§ **Recorded information**:

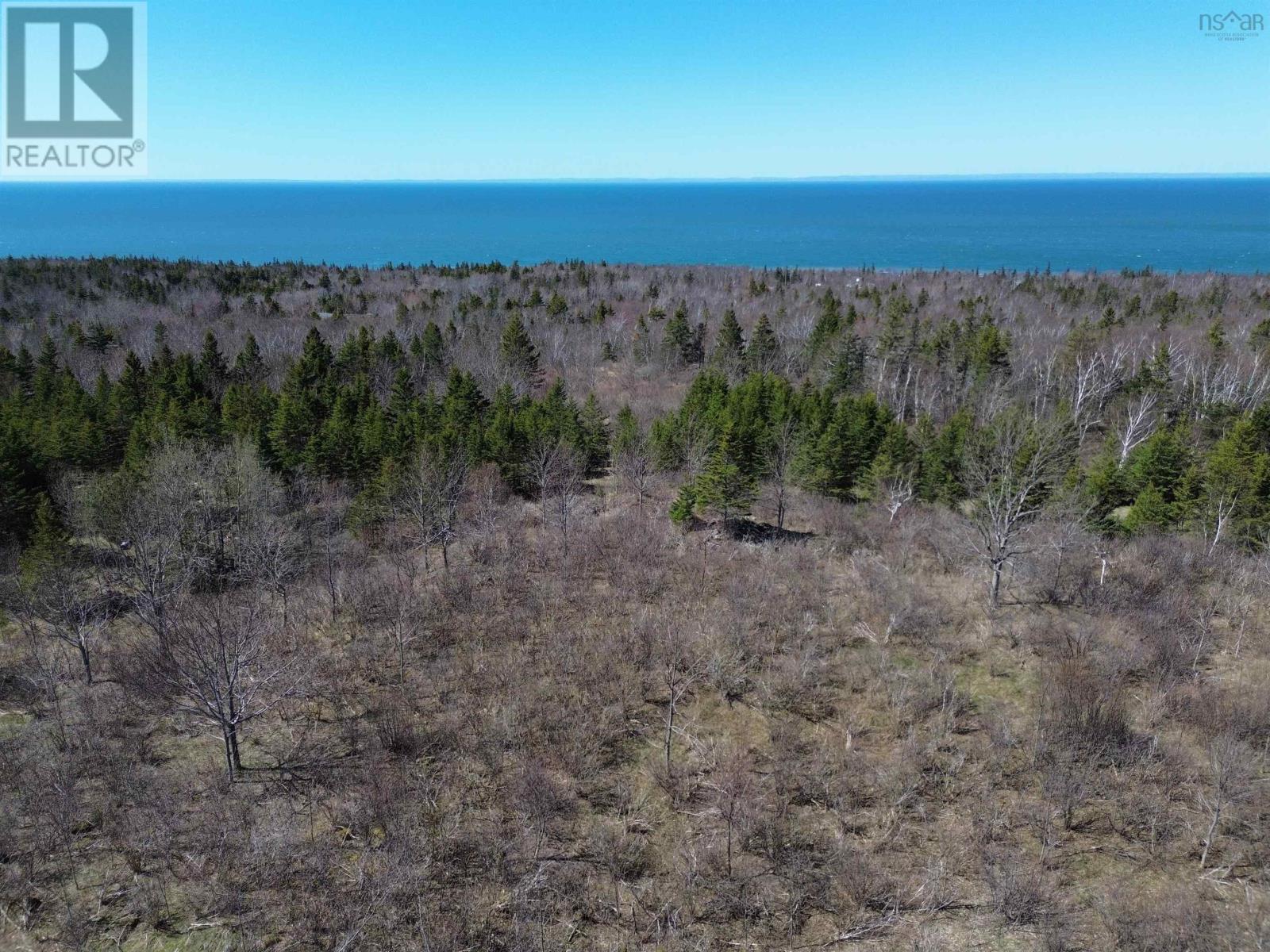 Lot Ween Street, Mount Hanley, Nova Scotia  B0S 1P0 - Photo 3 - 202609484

--

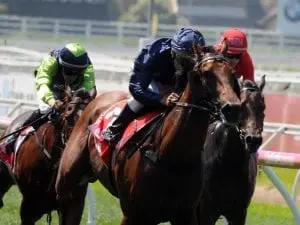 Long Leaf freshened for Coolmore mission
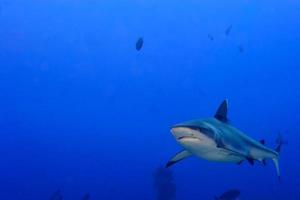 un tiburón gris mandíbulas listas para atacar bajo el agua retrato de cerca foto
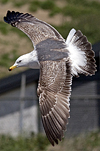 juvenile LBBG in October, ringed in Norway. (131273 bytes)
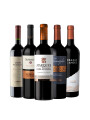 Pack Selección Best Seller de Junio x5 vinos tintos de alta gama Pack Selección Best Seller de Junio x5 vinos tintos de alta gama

* * *

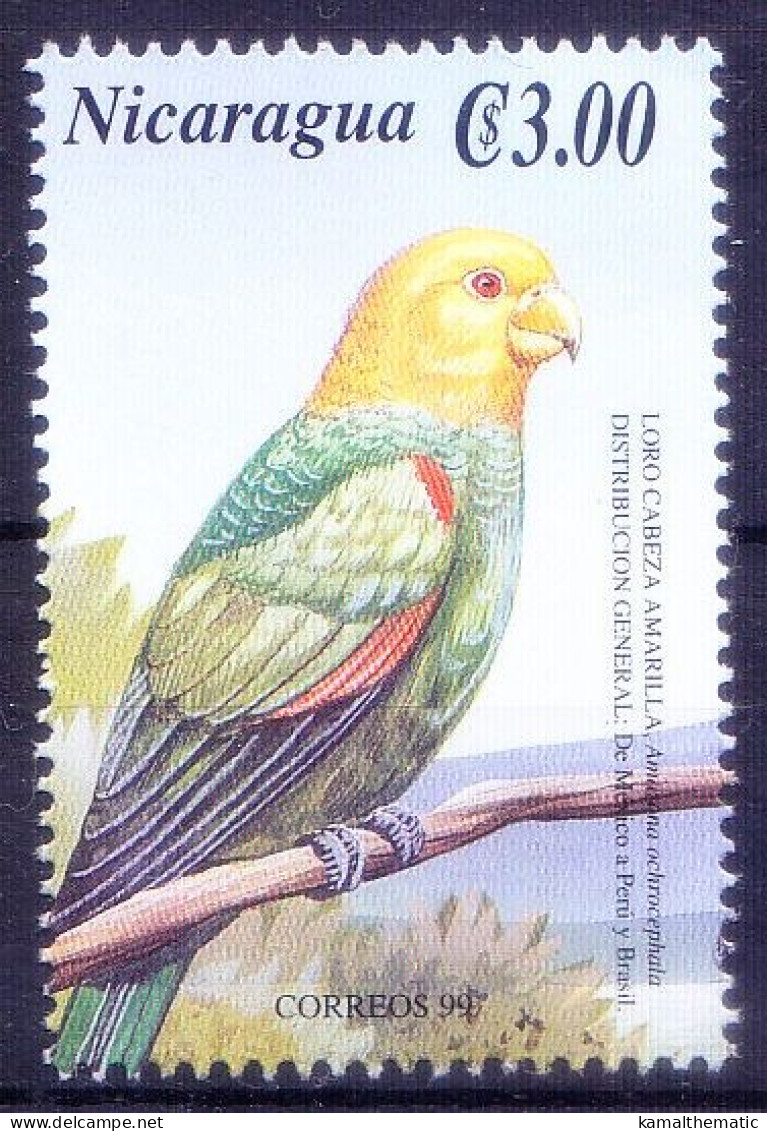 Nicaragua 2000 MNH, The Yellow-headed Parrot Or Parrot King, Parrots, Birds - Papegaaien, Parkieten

§ **What the task requires**: Starting with the line that has "un tiburón gris" and going on through the line that has "alta gama Pack", transcribe the records above exactly, but skip the pictures.

§ **Answer space**:
 un tiburón gris mandíbulas listas para atacar bajo el agua retrato de cerca foto
 juvenile LBBG in October, ringed in Norway. (131273 bytes)
 Pack Selección Best Seller de Junio x5 vinos tintos de alta gama Pack Selección Best Seller de Junio x5 vinos tintos de alta gama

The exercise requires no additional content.